(INPUT DATA)
--

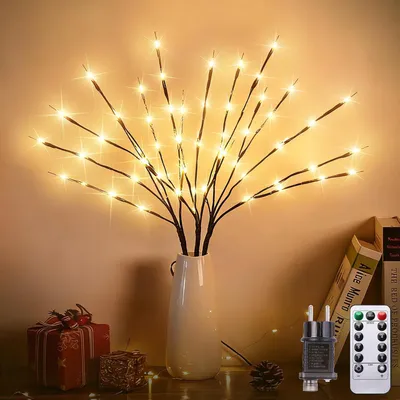 Productafbeelding van Lichtboom - Set van 3 - LED-boom - 60 leds - 8 modi met stekker - Warm wit - Dimbaar - Lichttakken met afstandsbediening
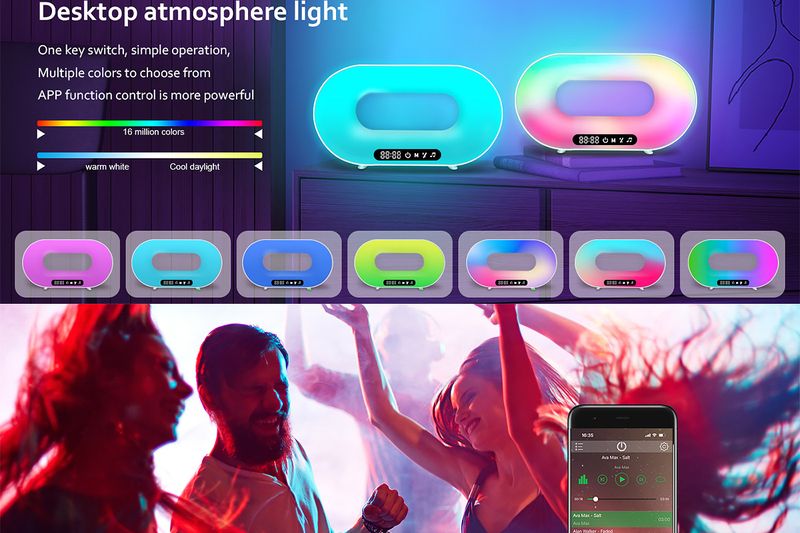 Kablosuz Şarj Atmosfer Işığı Bluetooth Alıcı Ritim Işığı APP Fantezi Renk Masaüstü Işığı 15W Cep Telefonu Hızlı Şarj_voghion.com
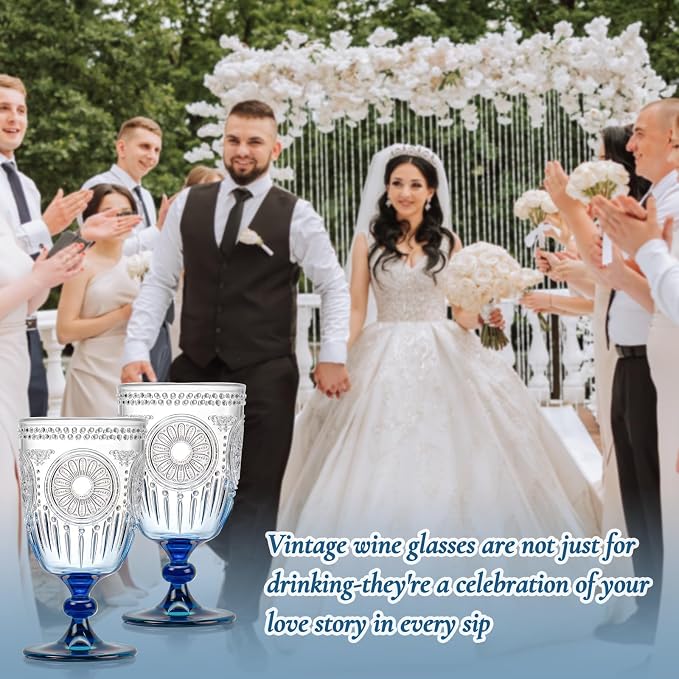 XUWAIDSGN 24Pcs Plastic Vintage Wine Glasses 13.5oz Reusable Embossed Goblet - Image 7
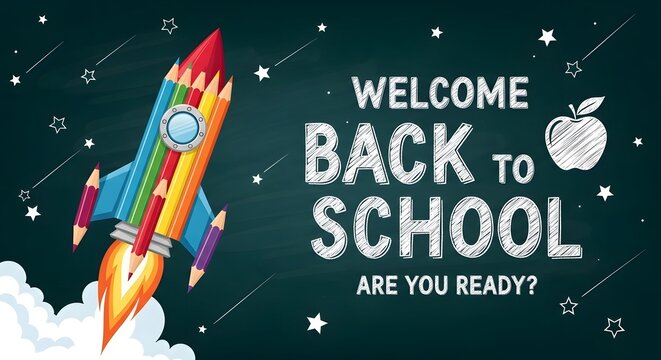 Welcome back to school are you ready colorful rocket illustration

--

(EXERCISE BRIEF) Leave every image out when you return the material above word for word.

(TASK ANSWER)
 Productafbeelding van Lichtboom - Set van 3 - LED-boom - 60 leds - 8 modi met stekker - Warm wit - Dimbaar - Lichttakken met afstandsbediening
 Kablosuz Şarj Atmosfer Işığı Bluetooth Alıcı Ritim Işığı APP Fantezi Renk Masaüstü Işığı 15W Cep Telefonu Hızlı Şarj_voghion.com
 XUWAIDSGN 24Pcs Plastic Vintage Wine Glasses 13.5oz Reusable Embossed Goblet - Image 7
 Welcome back to school are you ready colorful rocket illustration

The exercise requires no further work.